In a very beautiful treatise on music, Confucius writes: “When the likes and dislikes are not properly controlled, and our conscious minds are distracted by the material world, we lose our true selves in the principle of reason, and nature is destroyed. When man is constantly exposed to the things of the material world which affects him, and does not control his likes and dislikes, then he becomes overwhelmed by the material reality, and becomes dehumanized, or materialistic. When a man becomes dehumanized or materialistic, then the principle of reason in nature is destroyed, and man is submerged in his own desires. From this arise rebellion, disobedience, cunning, and deceit, and general immorality. We have then a picture of the strong bullying the weak, the majority persecuting the minority, the clever ones deceiving the simple-minded, the physically strong going for violence, the sick and the crippled not being taken care of, and the aged and the young helpless and not cared for. This is the way of chaos.
“So music is connected with the principles of human conduct. Therefore, the animals,” says Confucius, “know sounds, but they do not know tones. He who understands music, comes very near to the understanding of li. And, if a man has mastered both li and music, we call him virtuous, because virtue is the mastery of fulfillment.”
Confucius says: “Truly great music shares the principle of harmony with the universe. When the soul is poor, things do not grow. When the fishing is not regulated according to the seasons, then fishes and turtles do not mature. When the climate deteriorates, animal and plant life degenerate, and when the world is chaotic, the rituals and the music become licentious. We find, then, a type of music that is rueful without restraint, and joyous without calm.
“Therefore, the superior man tries to create harmony in the human heart by a rediscovery of human nature, and tries to promote music as a means to the perfection of human culture. When such music prevails, and the people’s minds are led toward the right ideas and aspirations, we may see the appearance of a great nation. Character is the backbone of our human nature, and music is the flowering of character.”
Now, the point I want to make, is that there is a direct connection between music and the way society is organized. Please think back: The United States was the first country in history to adopt a representative republican system. And, in the famous U.S. Declaration of Independence, it states that each human being has inalienable rights, which nobody can take away.
Historically, that was very important, and it is still very important, because if the United States doesn’t function on that principle, there is no harmony in the rest of the world. So, citizens of the United States, whether they know it or not, have a much larger responsibility, simply because of that historical role which the United States has played, and must play.

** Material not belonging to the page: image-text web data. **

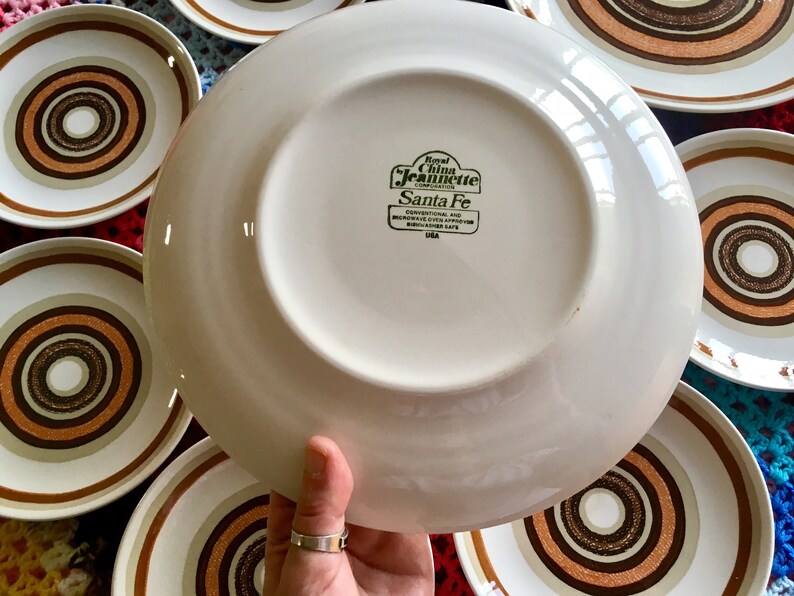 Op de afbeelding: Een wit keramiek bord met een bruin en wit concentrisch cirkelontwerp. Het bord heeft een groen label met de tekst "Royal China Jeanette Corporation Santa Fe Conventional and Microwave Oven Approved Dishwasher Safe USA".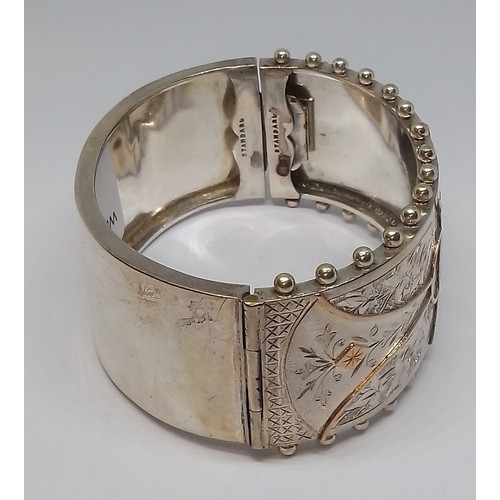 396 - A Victorian white metal bangle, marked 'Standard', with box.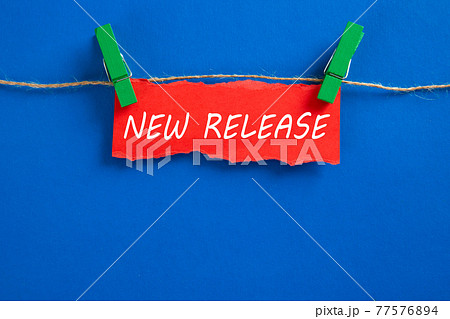 Hanging torn paper with new release word 77576894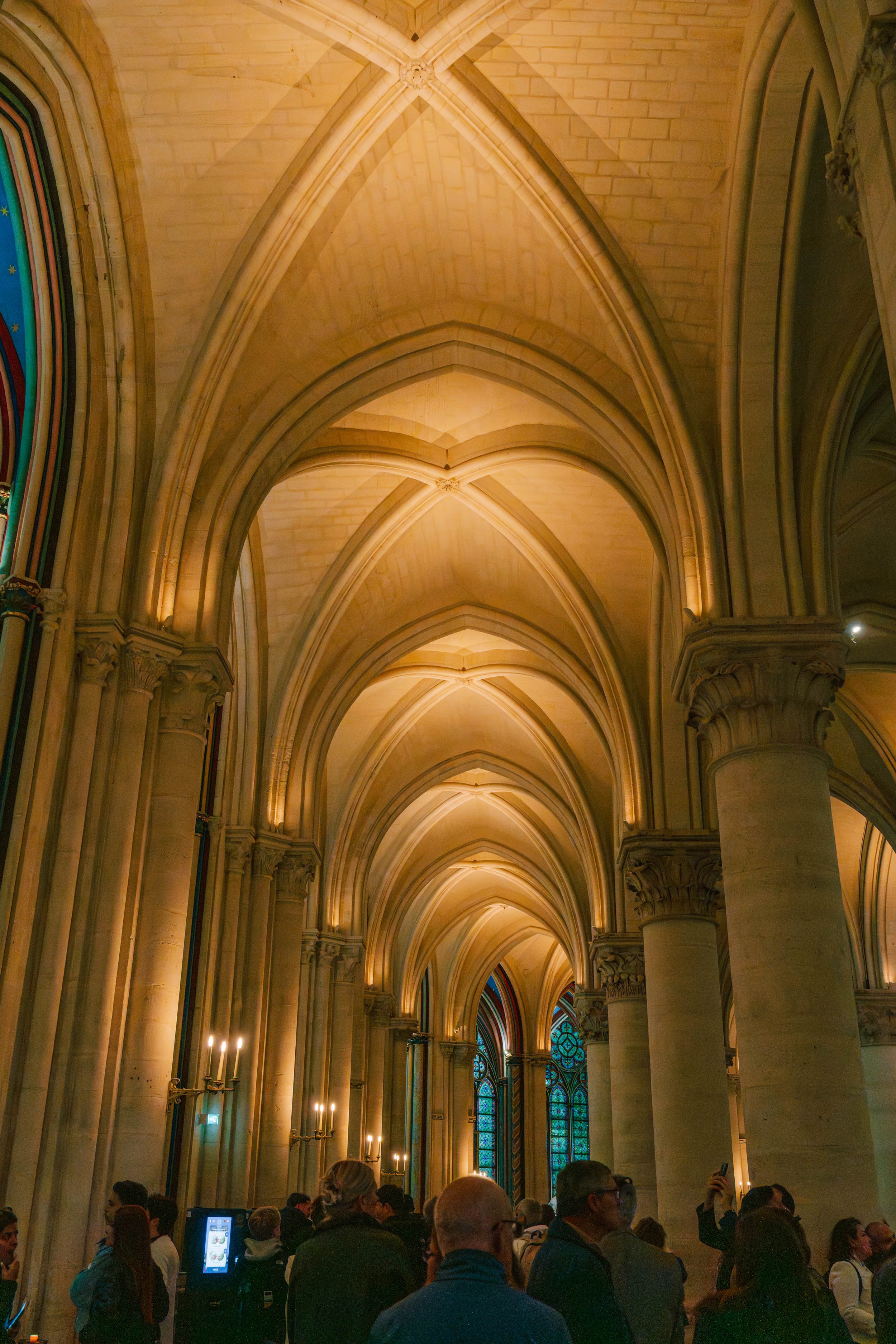Inside a large cathedral, with high vaulted ceilings and stained glass windows, a crowd of people is gathered, some looking at their phones and taking pictures.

And you should remember the famous Federalist Papers of Alexander Hamilton, in which he asked, in the commentary, the gigantic question: Can men organize society in such a way that justice and freedom rule, or are we condemned forever, that arbitrary power of the strong and misery of the poor should prevail?
I’m saying that everything has to do with the kind of educational system, and the kinds of values which permeate a society, which will answer this question posed by Alexander Hamilton.
Let me say why we wanted the Thomanerchor not only to come to Washington, and sing beautifully, which you all can hear in the afternoon, but why we wanted to let you participate in the rehearsal of this choir, which, unfortunately, we now will not be able to see. But I attended a rehearsal several years ago, and I can only tell you: It gives an absolutely incredible insight into how people, children from a young age, 6, 7, 8 to 18, can acquire excellence. And, I wanted to integrate the question of musical excellence–because it is just one, but by no means the only area, in which excellence can be reached in education.